A level playing field
One segment of Columbia’s short-term rental hosts was already cleared and zoned to rent before the Airbnb phenomenon, with all the necessary safety inspections completed.
They’re the long-term renters, landlords with houses, apartments, and condominiums for lease. When some of their properties sit vacant for extended periods of time, they’re looking for ways to offset their losses. Realtor Betsy Woodruff has just such a client. He uses some of his properties as short-term rentals, but has to juggle the possibility that he’s missing out on some longer-term tenants in order to do so.

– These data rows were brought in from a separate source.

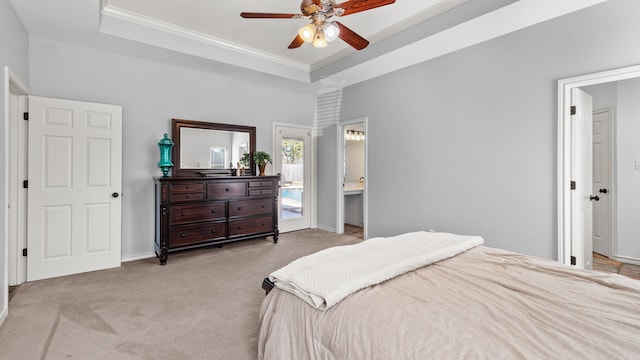 carpeted bedroom with ceiling fan, baseboards, a tray ceiling, and ornamental molding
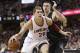 Cleveland Cavaliers' Timofey Mozgov (20), from Russia, drives past Phoenix Suns’ Alex Len (21), from Ukraine, during the second half of an NBA basketball game Wednesday, Jan. 27, 2016, in Cleveland. The Cavaliers won 115-93. (AP Photo/Tony Dejak)
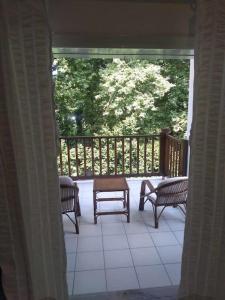 an open porch with chairs and a table on a deck at Serene appartment at St. Ioannis in Agios Ioannis Pelio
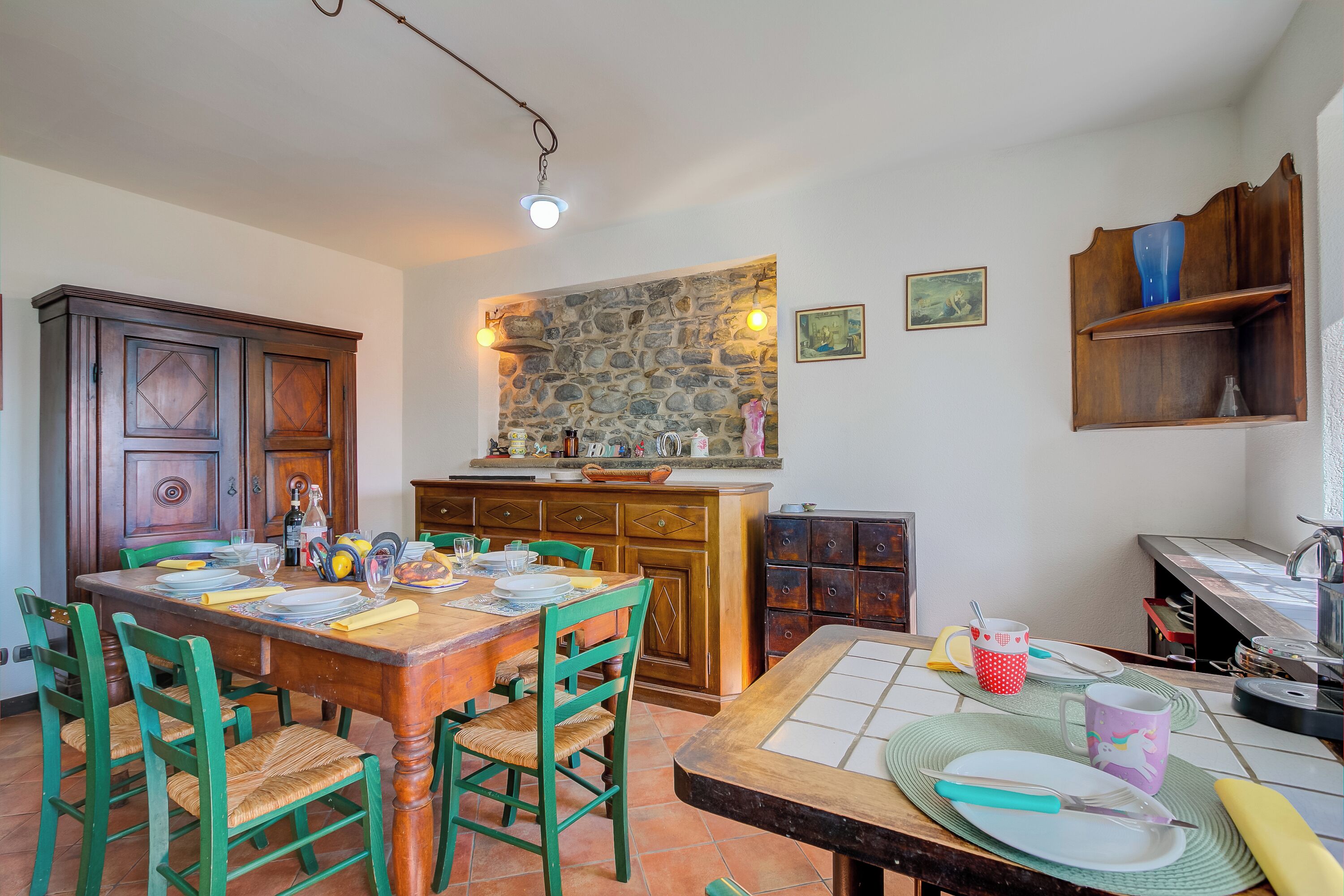 A dining area with a wooden table, green chairs, and a stone wall above.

“It’s kind of risky for an investor or landlord to have that property, and maybe you have no reservations for February and you don’t know when you’re going to get them,” Woodruff says. “The unit still gets the wear and tear just like a tenant would put on the property. It’s hard for a landlord, because every day that sits empty, they’re paying utilities, property taxes, all those things.”
Shawna and Rick Neuner have been posting some of their properties on Airbnb since last summer. They had eight rented out at once during homecoming weekend, but Shawna says the pair can usually only manage four or five at a time. That’s how many they booked during the eclipse and during this year’s True/False Film Festival.

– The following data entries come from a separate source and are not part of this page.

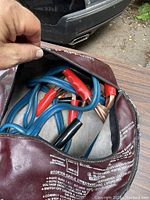 Blue jumper cables with red and black insulated clamp handles inside maroon vinyl carrying case.
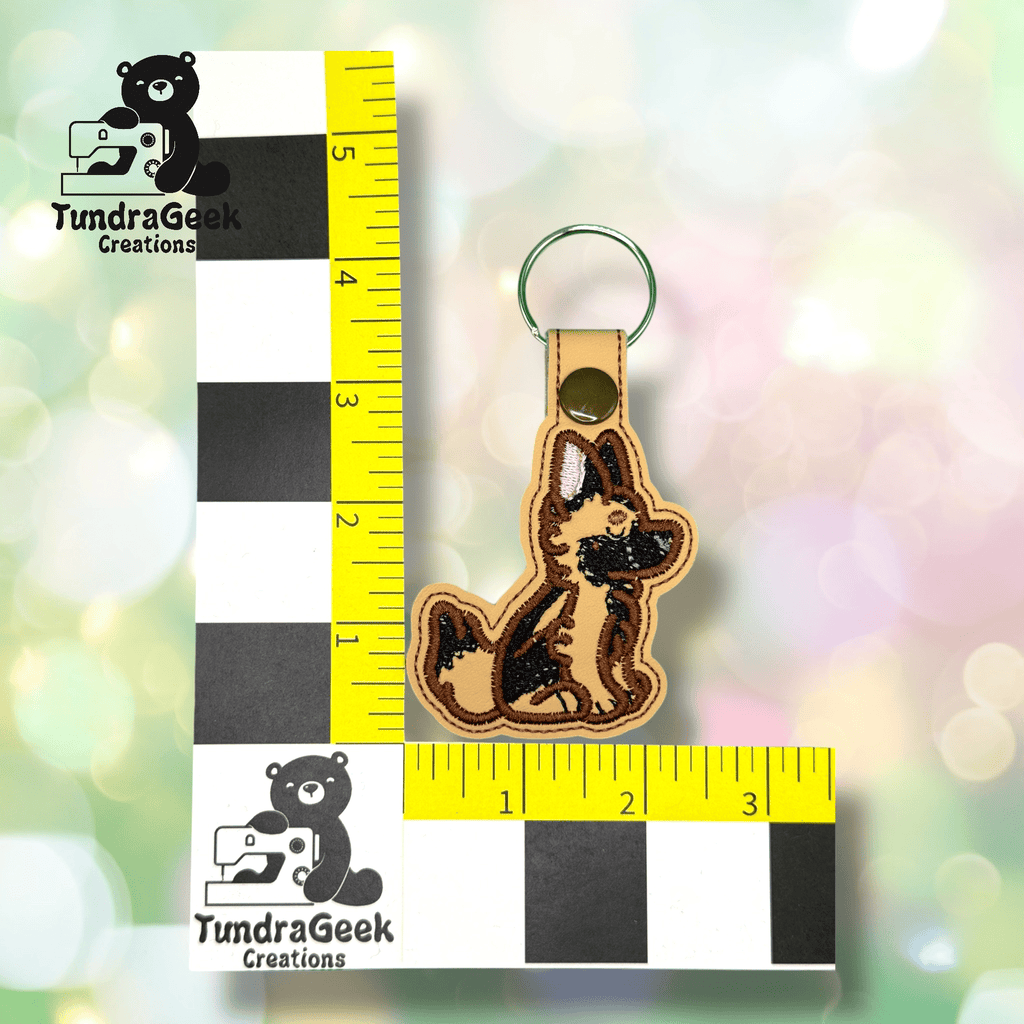 A keychain shaped like a German Shepherd dog next to a ruler for scale, with the TundraGeek Creations logo in the background.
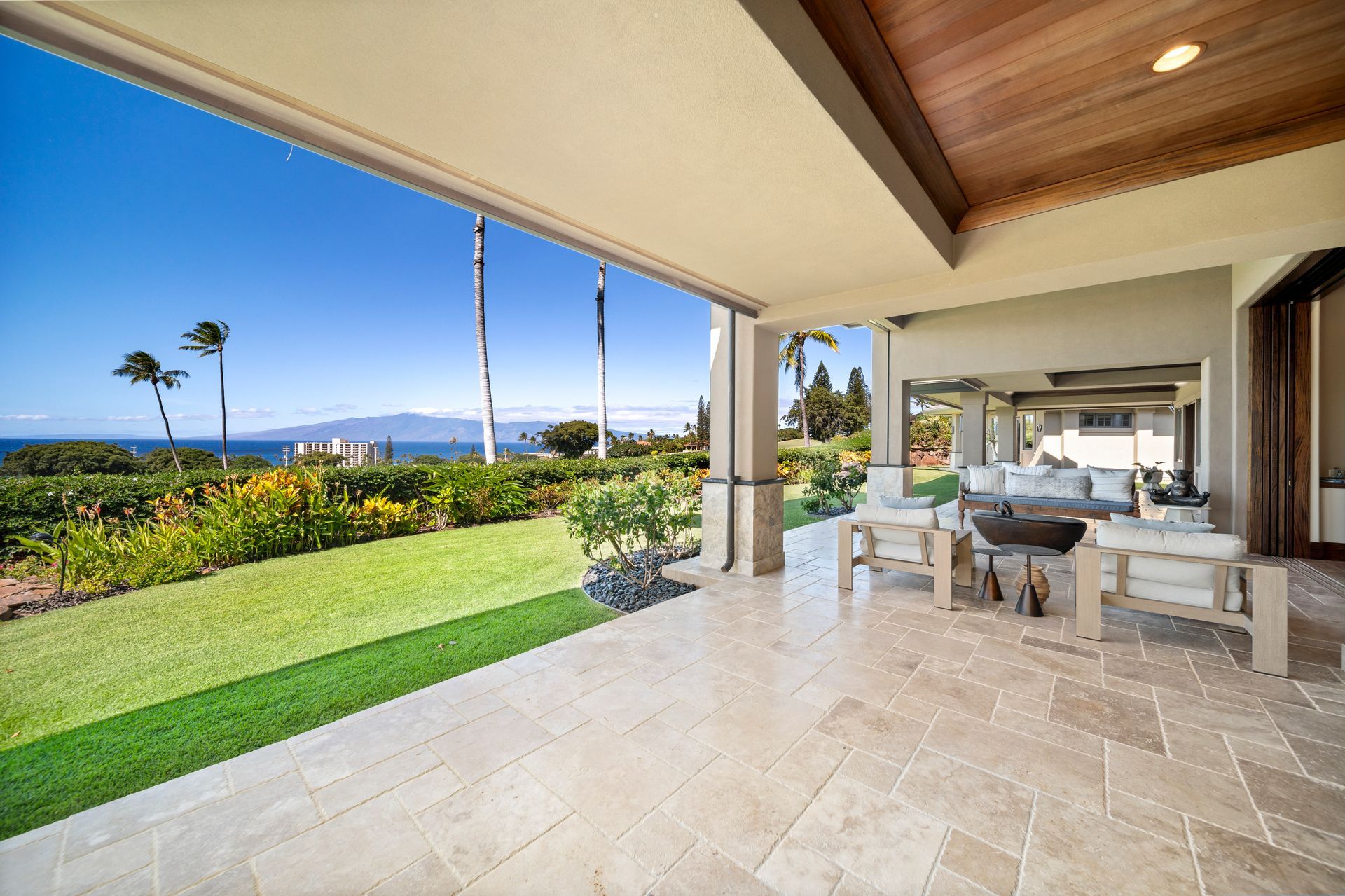 A large patio with a view of the ocean and mountains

Starting out, the biggest hurdle for them was deciding to keep certain properties empty instead of having them on the market for more traditional leases. Once they decided to make the move, they also had upfront costs of furnishing the short-term units and paying for utilities.
They have seen some perks from their association with Airbnb.

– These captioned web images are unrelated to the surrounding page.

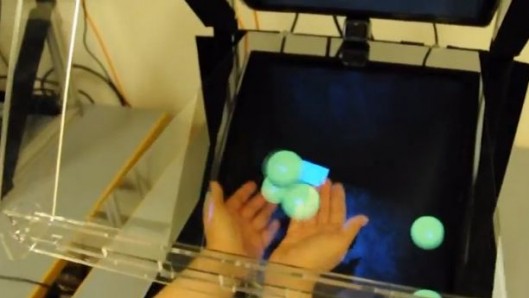 Two hands underneath hologram objects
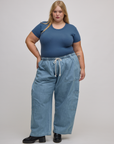 Juliet is wearing Baby Tee in French Blue tucked into light wash drop pocket cargo pants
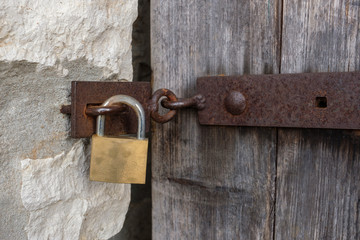 Ein Vorhängeschloss und ein rostiger Riegel an einer verwitterten Holztür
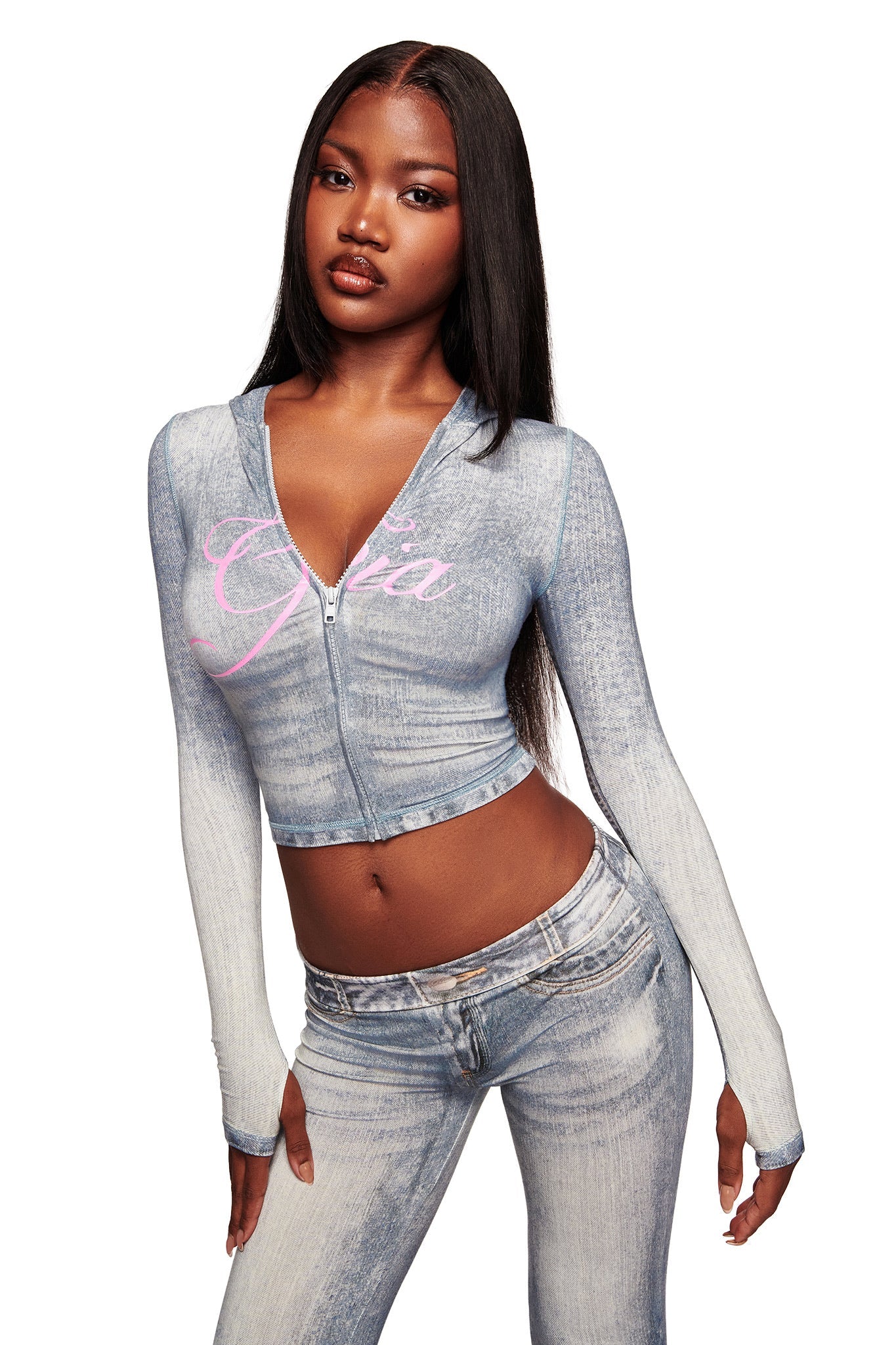 A woman with long straight hair wears the I.AM.GIA BLARE HOODIE - DENIM TROMPE L'OEIL, a light blue cropped hoodie featuring "GIA" in pink script, paired with matching high-waisted jeans, posing confidently against a white background.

“When it’s staged, it helps it rent faster,” Shawna says. “We find that the properties we’ve listed on Airbnb will get long-term rentals on it because it’s easier to see that space and what it’s going to look like going forward. It ends up being something where we do a lot of furniture moving from one property to another.”
But what about the properties that aren’t converted long-term rentals, those that haven’t gone through the city’s inspection protocols?
Well, there is no set protocol for short-term rental units registering in the city. Kottwitz says that the most the city can do when it becomes aware of a new short-term rental is to kindly ask the owners to be in compliance with city code.
“When people come to us and ask what they need to do to comply with city code, we often encourage those property owners to get their property registered and inspected as an act of good faith,” Kottwitz says. “Many have been happy to do that. We also realize we don’t have anything in our code that talks about this specifically. When there are people who don’t want to do it, we don’t have good standing to make them or take them to court for that.”
Even if the city were to normalize the process for registering and inspecting short-term rental properties, there’s no guarantee it would catch them all. You can comb Airbnb listings for addresses, but that wouldn’t capture those listed on other vacation rental sites, of which there are currently around 35, according to Farnen. Not to mention even more informal arrangements: A friend comes into town, stays a night and leaves $50 on your kitchen counter. Does that make your place a short-term rental unit?
For now, it’s one of the many unanswered questions the city is grappling with concerning a real estate trend not many envisioned. A lot can change in three years.
“I get the sense that the city is really trying to understand the whole issue and figure out what, exactly, they do need to address it and how to be the most equitable to all parties,” Shawna says. “They want to make sure that, if people are staying in a home, that it’s safe. And they want to get their tax money. How do you stay on top of it?”